The top of her head barely reached Ragnar’s collarbone, yet she didn’t take a step back. She simply tipped her head up and grinned as if waiting for…blazes knew what.
He jutted his chin toward the entry, unwilling to break the eye contact she seemed insistent on maintaining.
She just continued to beam up at him. “Well, I suppose my job is done.”
It had been done. “If you need assistance leaving, I would be happy to toss you down the stairs.”
She squeaked, a sound similar to the offended gasp when he yanked away the parchment, and what followed was another tingly sensation behind his ear. Perhaps that was a symptom of human pox. “You wouldn’t.”
“No, I wouldn’t,” Ragnar conceded. “Because then you would be injured, and I would never get rid of you.”
A look of indignation flashed over her face, and for once, Ragnar was pleased until she crossed her arms obstinately.
Her breasts were already remarkably displayed, but that small move had almost made his knees buckle.
Before she could open her mouth again and curse him with another squeakily arousing noise, Ragnar hooked a hand around her elbow and marched her to the door.
The human lost what little resolution she had, tripping over herself as he dragged her to the head of the stairs and quickly released her on the small landing. “Hurry,” he said. “It will be dark soon.”
“It’s already dark.”
Ragnar squinted into the dim light of the barn, hesitating with a hand on the door. She was rather small, and the way back was rather dangerous.
She bent sideways to see around him and called into the loft, “Get better, Moar! I’ll visit you soon!”

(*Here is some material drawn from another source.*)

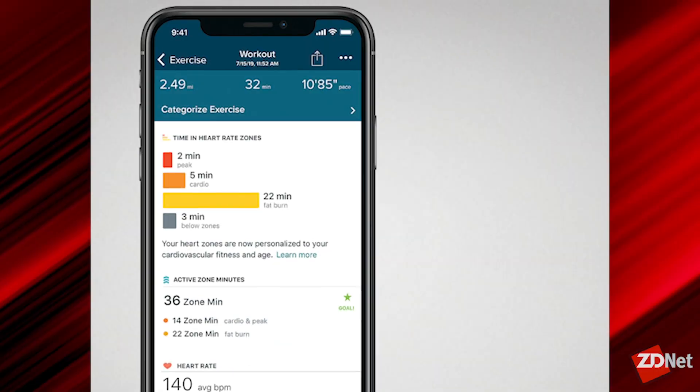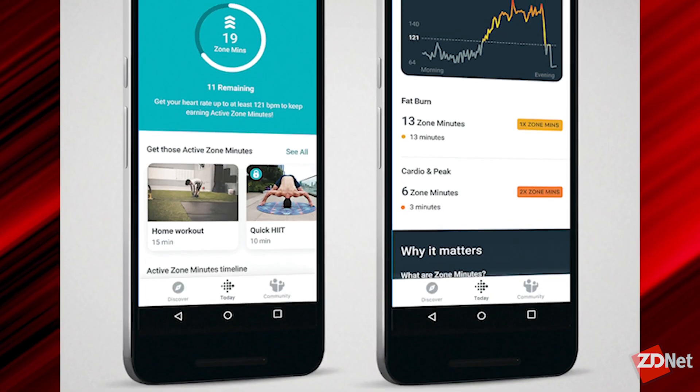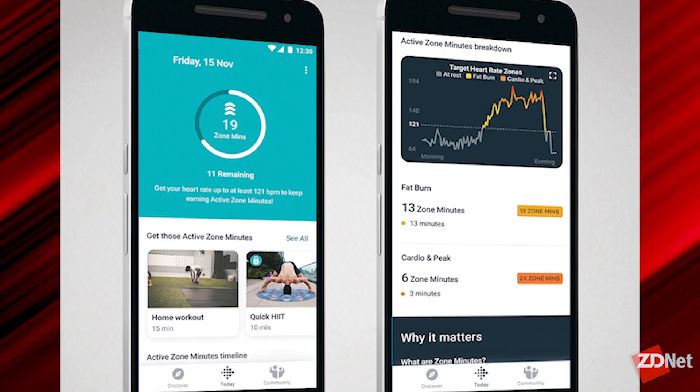The Charge 4 is pretty much the exact same size as the Charge 3, but they're able to fit in a GPS receiver. So now when you go for a run or a bike, there are seven total GPS exercises that are supported. You just tap it, you let it connect — it takes about 20 seconds to connect to the GPS satellites and then it starts tracking. You go off and do your activity, come back, and you can see all the details of exactly where you were. In the Fitbit app on the phone, it has some advanced functions — what they call intensity zones.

Ragnar huffed—whatever happened to her was not his problem and would perhaps solve a future one if she intended to return—and he slammed the door in her face.

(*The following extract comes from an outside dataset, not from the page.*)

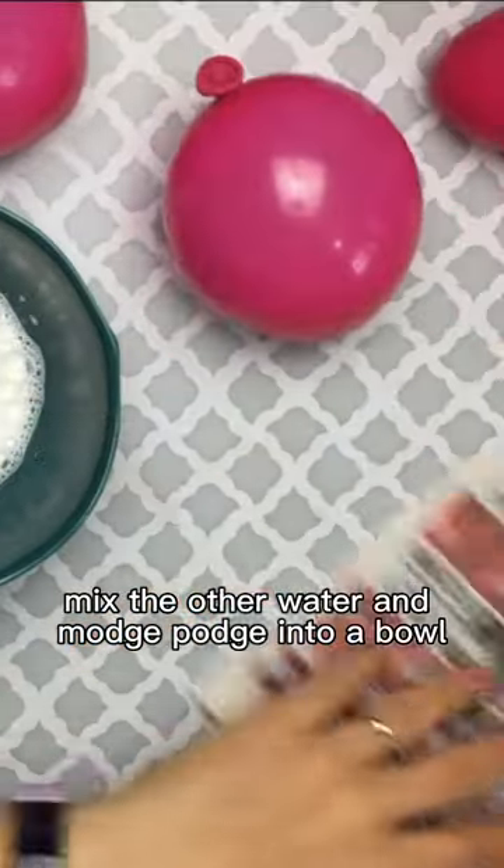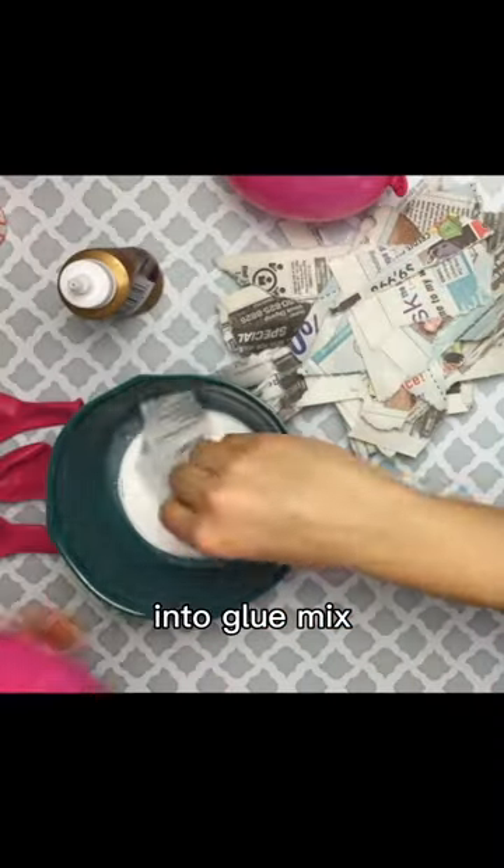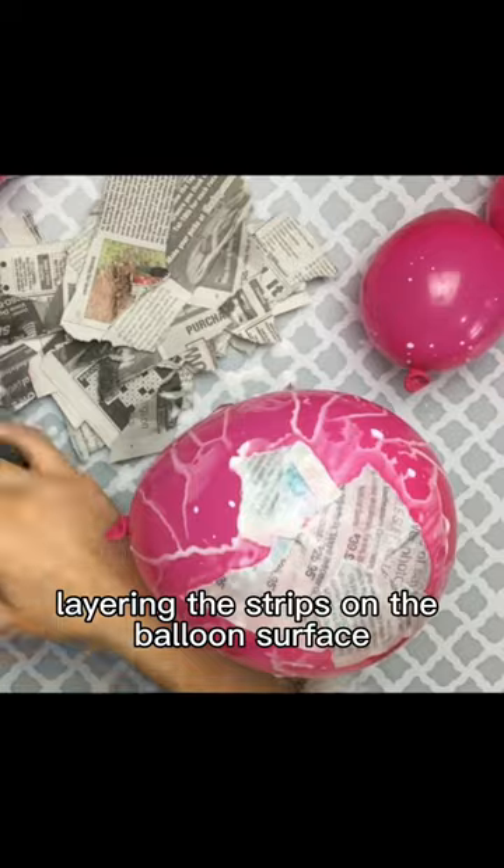First, blow up some balloons, mix together water and mod podge into a bowl, tear up some newspapers, and dip the strips into the glue mix and begin layering the strips on the balloon surface.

Ragnar was both correct and not as being his problem was exactly what Brioni and the plot intended, but returning readers will have expected that.
The demon listened to the familiar quiet of his loft, suddenly oppressive rather than curative. The fire popped, the dog gnawed, and the human remained, for once, silent. Then there were steps, audible only because he truly listened, and Ragnar pulled open the door.

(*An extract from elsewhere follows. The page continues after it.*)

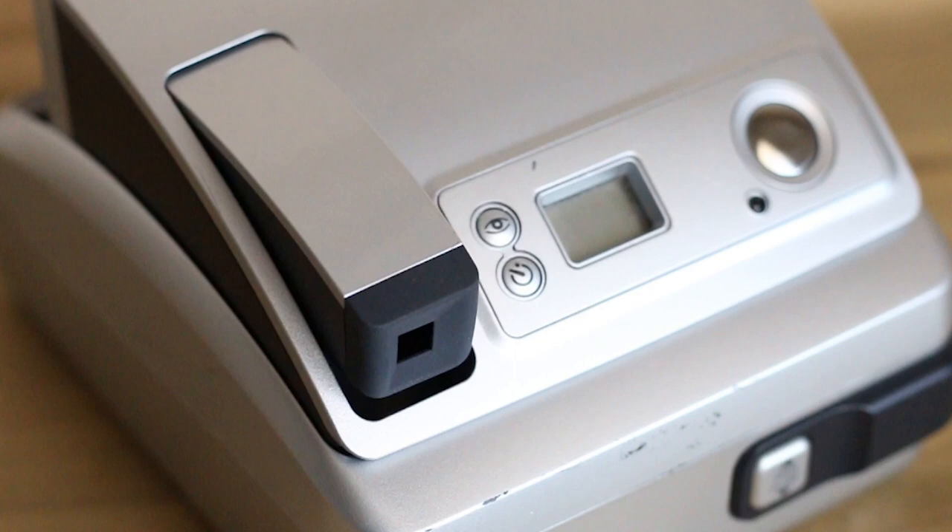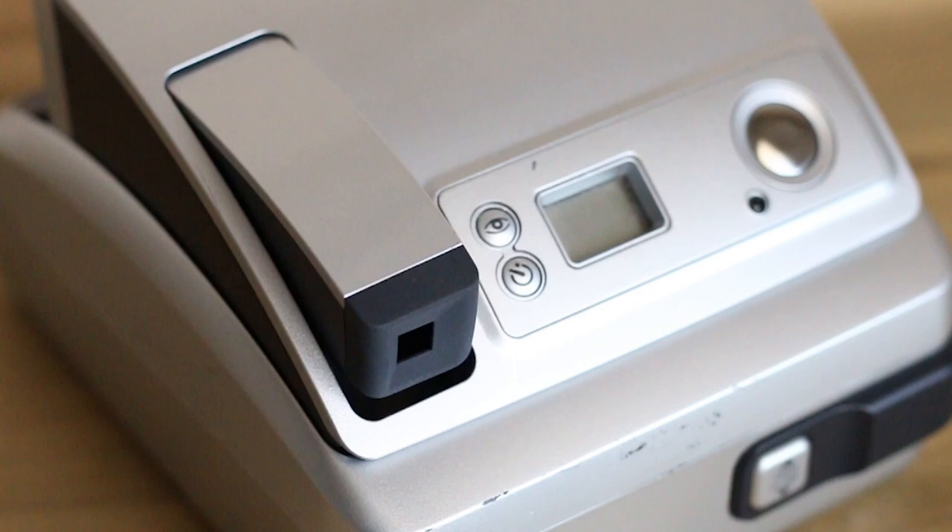This camera is extremely simple to use. As I've mentioned before, this camera's got three buttons — the shutter button, and two other buttons. One adjusts the red eye and the other is a self-timer. And essentially, that is it. Make sure your shot's framed, make sure your subject's in focus, make sure you're not too close, and fire a shot.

“Do not touch any of the veilhounds.”
She whipped around on the stairs. “What about—”
Ragnar cut her off with a growl and shut the door again.
He strode across the loft to the seating area and dropped down on his small sofa.
The comfort he expected didn’t come, muscles so tight he immediately knew the soreness would last for days.
How a single simple, small human could inspire more annoyance than an entire squadron of demons, he couldn’t know, but his shoulders refused to loosen.
He flexed his fingers, the feel of her skin still lingering uninvited.
Cruel, he thought, gaze falling to Moar across the loft who lazily gnawed the dried hiriivi meat. He’ll be disappointed when she doesn’t return.
Moar had no such fear, of course, because dogs were optimists—obtusely so.
Demons, however, were obtuse in a whole different way, and they often masked their disappointment in anger and coldness.
And humans were…well, they were something entirely new.